◆ **Data excerpt**
▬▬▬▬▬▬

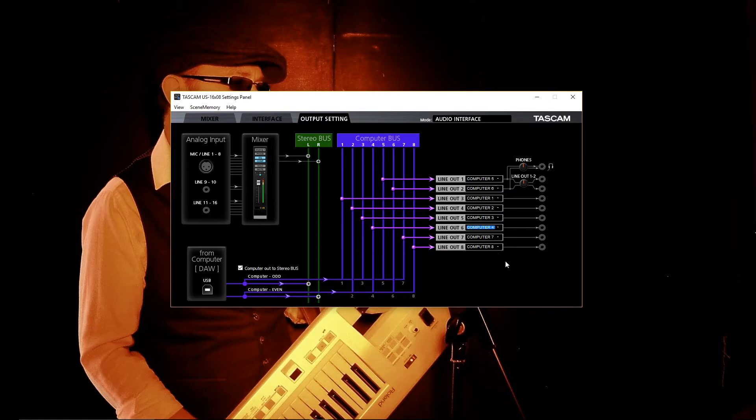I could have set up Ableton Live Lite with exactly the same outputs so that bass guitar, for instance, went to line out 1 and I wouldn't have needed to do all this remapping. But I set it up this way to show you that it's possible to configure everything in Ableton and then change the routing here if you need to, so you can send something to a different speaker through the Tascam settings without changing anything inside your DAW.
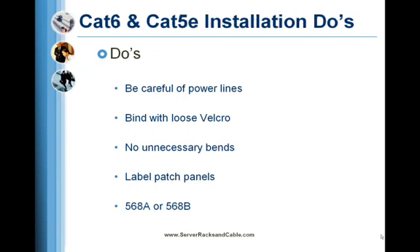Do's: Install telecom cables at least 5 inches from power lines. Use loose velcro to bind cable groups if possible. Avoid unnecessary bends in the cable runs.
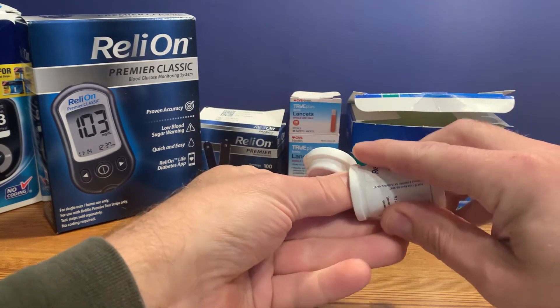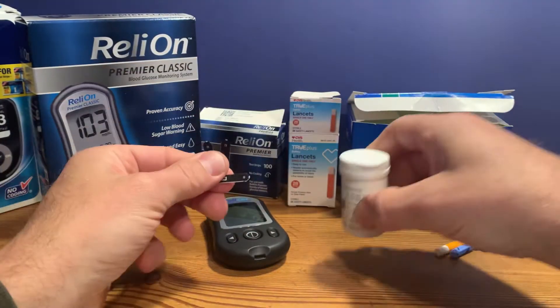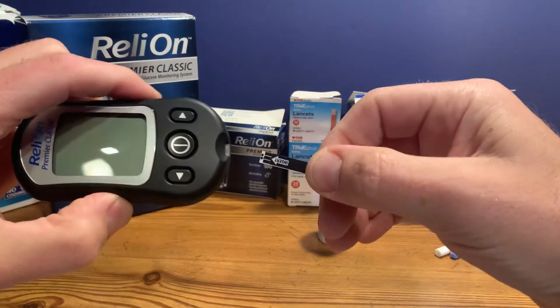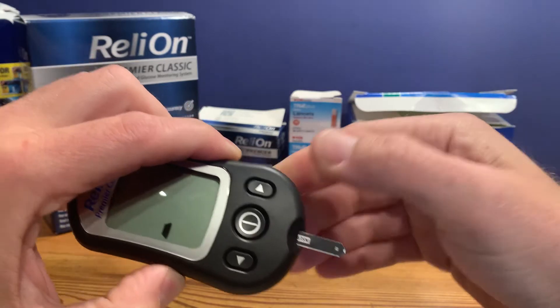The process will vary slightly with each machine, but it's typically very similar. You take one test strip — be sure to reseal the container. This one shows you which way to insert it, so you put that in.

▬▬▬▬▬▬

◆ **What the task asks**
Print, exactly as written, the lines above from the first one to the one containing "Do's: Install telecom". Leave out pictures.

◆ **Exercise answer**
I could have set up Ableton Live Lite with exactly the same outputs so that bass guitar, for instance, went to line out 1 and I wouldn't have needed to do all this remapping. But I set it up this way to show you that it's possible to configure everything in Ableton and then change the routing here if you need to, so you can send something to a different speaker through the Tascam settings without changing anything inside your DAW.
Do's: Install telecom cables at least 5 inches from power lines. Use loose velcro to bind cable groups if possible. Avoid unnecessary bends in the cable runs.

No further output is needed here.